As soon as I feel like I’m on top of one stage, the floor spins and it shifts to a whole new realm I’m not ready for.

“We were sleeping through the night, what the hell happened? Hello, teeth.”

And no one tells you that parenting is the one thing everyone wishes they had more experience with before they have to practice on their own kids.

Six months slid into nine. A year deposited us into the Terrible Twos, which in fact are not so bad. It was the Treacherous, Scream Into a Pillow Threes that taught me that parenting is going to be the longest class of my life.

I know it will be filled with love. And it will be the most rewarding, life-changing, challenging class I take. But I also know, as I sit with my toddler at the threshold of four and this little person is taking shape right in front of me, that the only grade I’m getting is whether my kid still wants to come home when she’s 18 and not legally bound to me anymore.

I go to bed every night and rehash every argument, timeout and craft project. I worry that I’m too strict or not teaching my girls the right lessons. I worry my girls don’t know I love them so much it hurts. I wake up in the wee hours of the morning to nurse my other daughter, who’s closing in on 1 year. And as I nestle her in the crook of my arm, I think about the mom I want to be. The things I want to do that day. And some days I come close. But if I’m honest, most days I fall short. Most days I want to be one of those Moms covered in paint, working on craft projects they post on Pinterest, or teaching my girls to read and write. But as the baby finishes nursing and we leave the dark, cozy retreat of my bed, I find that there’s a mountain of laundry that needs washing, a tantrum three seconds away from erupting at the breakfast table and a house that looks as though Fisher Price has vomited red, yellow and blue musical toys all over it.

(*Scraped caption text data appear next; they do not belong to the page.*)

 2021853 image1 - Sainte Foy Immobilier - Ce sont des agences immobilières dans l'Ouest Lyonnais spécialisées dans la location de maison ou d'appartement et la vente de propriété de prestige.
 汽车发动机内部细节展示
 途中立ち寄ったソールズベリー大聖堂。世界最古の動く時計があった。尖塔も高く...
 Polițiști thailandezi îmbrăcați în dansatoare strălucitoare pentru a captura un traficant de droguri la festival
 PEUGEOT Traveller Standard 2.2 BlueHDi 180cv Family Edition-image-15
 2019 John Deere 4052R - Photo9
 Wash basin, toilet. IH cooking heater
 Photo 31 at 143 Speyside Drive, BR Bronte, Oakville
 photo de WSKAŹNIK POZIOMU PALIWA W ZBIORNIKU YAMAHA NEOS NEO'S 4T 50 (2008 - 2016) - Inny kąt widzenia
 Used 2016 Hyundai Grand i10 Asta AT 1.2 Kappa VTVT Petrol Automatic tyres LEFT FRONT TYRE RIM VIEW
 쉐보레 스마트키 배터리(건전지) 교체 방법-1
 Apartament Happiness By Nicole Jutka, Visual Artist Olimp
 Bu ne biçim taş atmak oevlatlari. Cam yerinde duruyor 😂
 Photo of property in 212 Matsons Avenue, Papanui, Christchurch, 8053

And my afternoon of playing and connecting and just being there with my girls? Kinda gone the minute my older daughter announces she’s “kinda sure the baby ate Princess Anna’s necklace.”

(Cue frantic call to pediatrician. Ready myself for a week of sifting through baby turds to find said necklace and return it to the kingdom of Arendelle.)

I thought once I had my girls, I’d get my Mom card. My parenting guide. But I’m finding it’s not simple. It’s messy. It’s fun. But it’s hard. It takes every ounce of creativity, intelligence, energy, strength and anything else I’ve got.

And I’m opening my door, so to speak, in the hopes that maybe there’s another Mom out there who some days feels lost like I do. And maybe another who just needs to read a funny story from another Mom who’s knee deep in Magic Clip princesses and wondering why most of her conversations revolve around poop and boogers these days.

I’ll be sharing stories about my life and my family. I’ll seek out free outings and fun activities for the younger set. I’ll share my baby food and toddler-proof recipes. If I figure out how to clean the entire house on the days that both girls nap and get dinner started, well, I’ll share that too.

My disclaimer: I haven’t figured this all out yet. So agree with me, disagree with me, but use the comments section to share your voice.And sooner or later, we’ll get the hang of this whole parenting thing.